ABOUT THIS TASK:
Only the lines below from the one containing "淘宝无人直播13.0,公域私" through the one containing "Dreamade TV Stand" belong in the answer, repeated exactly and without pictures.

RECORDS SUPPLIED:
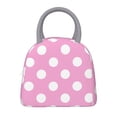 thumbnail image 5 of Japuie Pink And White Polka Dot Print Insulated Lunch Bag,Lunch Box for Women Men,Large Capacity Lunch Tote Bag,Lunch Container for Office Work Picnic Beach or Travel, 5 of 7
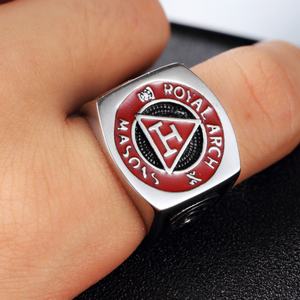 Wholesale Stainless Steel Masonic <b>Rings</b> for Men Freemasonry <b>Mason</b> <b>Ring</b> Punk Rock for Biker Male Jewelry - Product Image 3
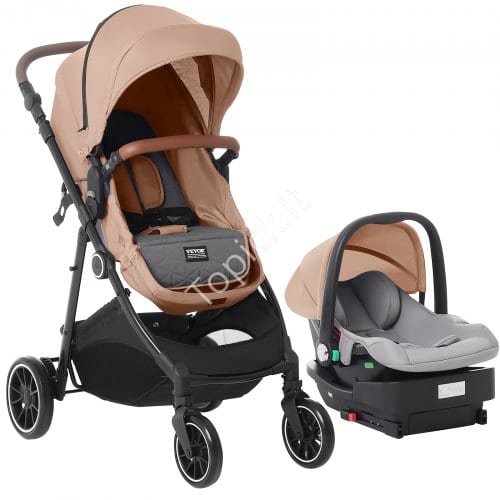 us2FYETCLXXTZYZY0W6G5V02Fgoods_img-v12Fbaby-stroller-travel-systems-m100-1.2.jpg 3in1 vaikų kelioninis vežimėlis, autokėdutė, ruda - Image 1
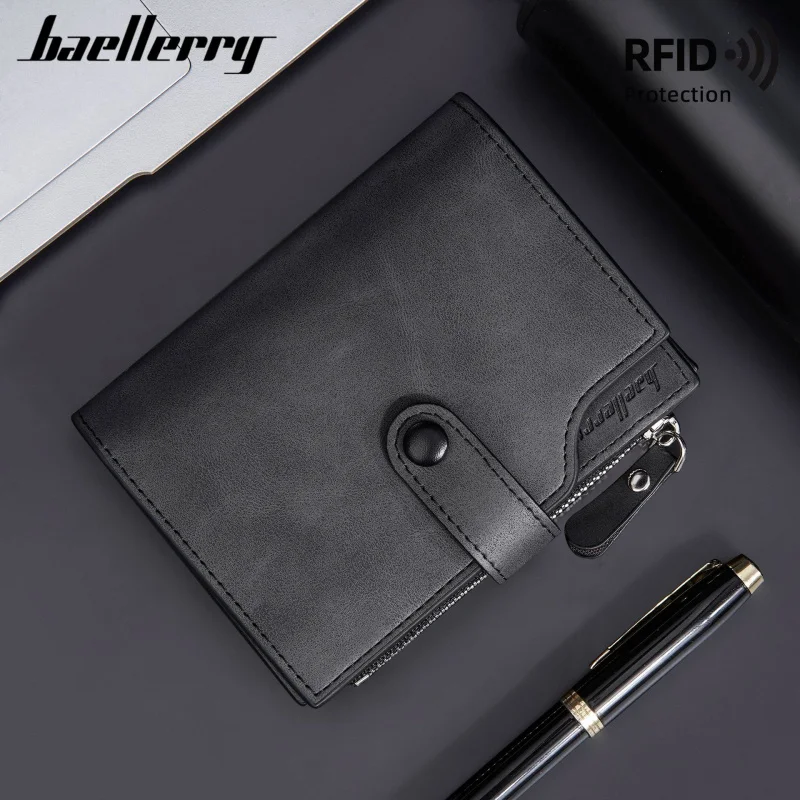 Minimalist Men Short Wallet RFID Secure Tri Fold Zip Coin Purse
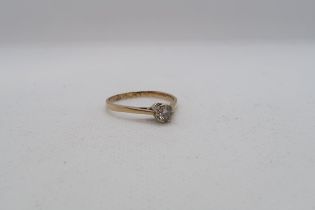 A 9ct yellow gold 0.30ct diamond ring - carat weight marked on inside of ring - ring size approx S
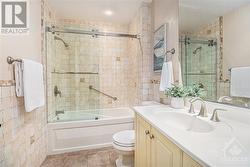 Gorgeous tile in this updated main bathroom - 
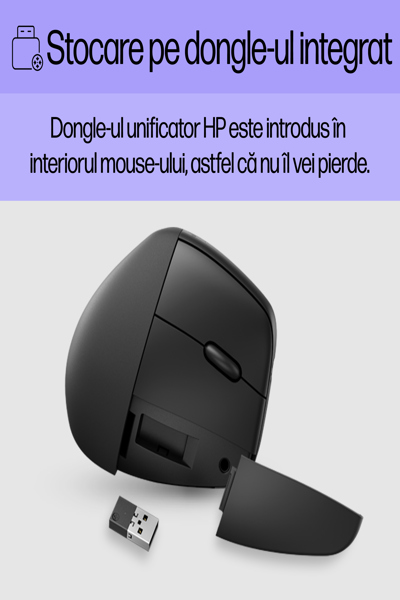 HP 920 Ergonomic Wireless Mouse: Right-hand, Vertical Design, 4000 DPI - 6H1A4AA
...
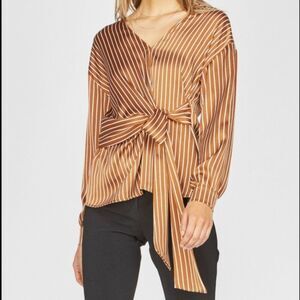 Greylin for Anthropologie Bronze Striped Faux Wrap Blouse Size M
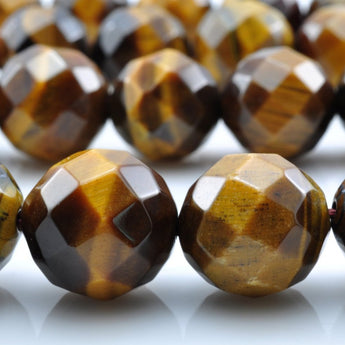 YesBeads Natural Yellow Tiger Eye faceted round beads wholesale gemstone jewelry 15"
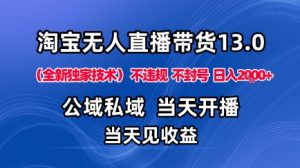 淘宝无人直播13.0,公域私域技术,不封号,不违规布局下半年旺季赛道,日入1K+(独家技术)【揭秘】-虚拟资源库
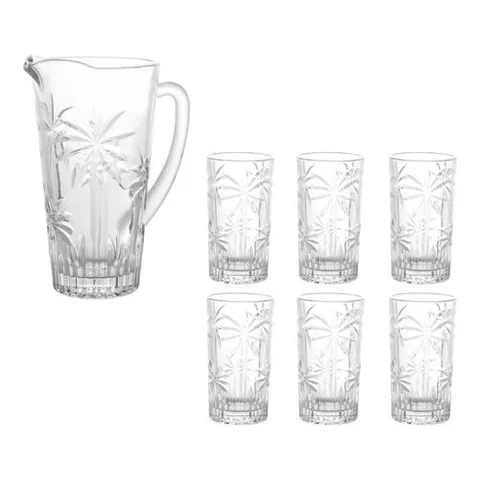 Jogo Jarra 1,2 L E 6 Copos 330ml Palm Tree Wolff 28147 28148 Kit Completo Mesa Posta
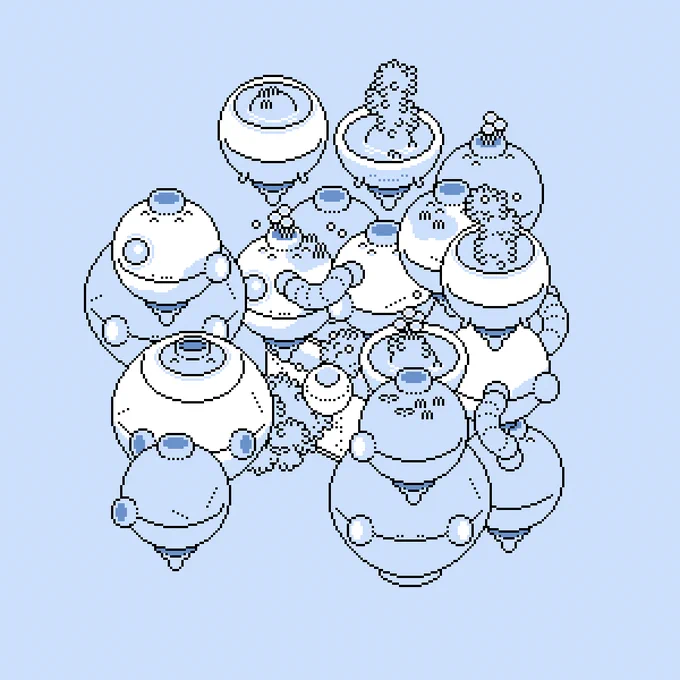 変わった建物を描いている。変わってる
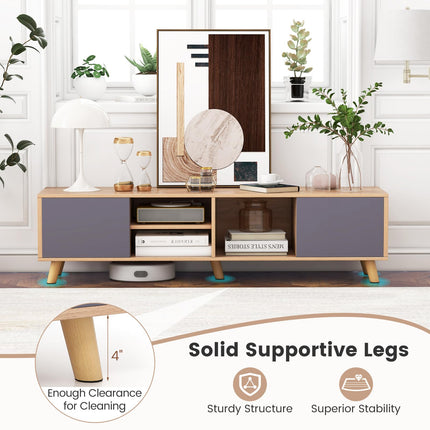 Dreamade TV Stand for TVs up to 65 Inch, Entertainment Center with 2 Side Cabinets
==
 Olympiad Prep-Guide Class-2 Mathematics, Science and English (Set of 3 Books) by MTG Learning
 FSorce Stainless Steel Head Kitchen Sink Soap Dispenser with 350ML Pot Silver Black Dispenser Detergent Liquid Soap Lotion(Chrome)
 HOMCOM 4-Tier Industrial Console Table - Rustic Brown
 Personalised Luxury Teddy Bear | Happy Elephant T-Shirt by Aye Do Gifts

SOLUTION FOR THIS TASK:
 淘宝无人直播13.0,公域私域技术,不封号,不违规布局下半年旺季赛道,日入1K+(独家技术)【揭秘】-虚拟资源库
 Jogo Jarra 1,2 L E 6 Copos 330ml Palm Tree Wolff 28147 28148 Kit Completo Mesa Posta
 変わった建物を描いている。変わってる
 Dreamade TV Stand for TVs up to 65 Inch, Entertainment Center with 2 Side Cabinets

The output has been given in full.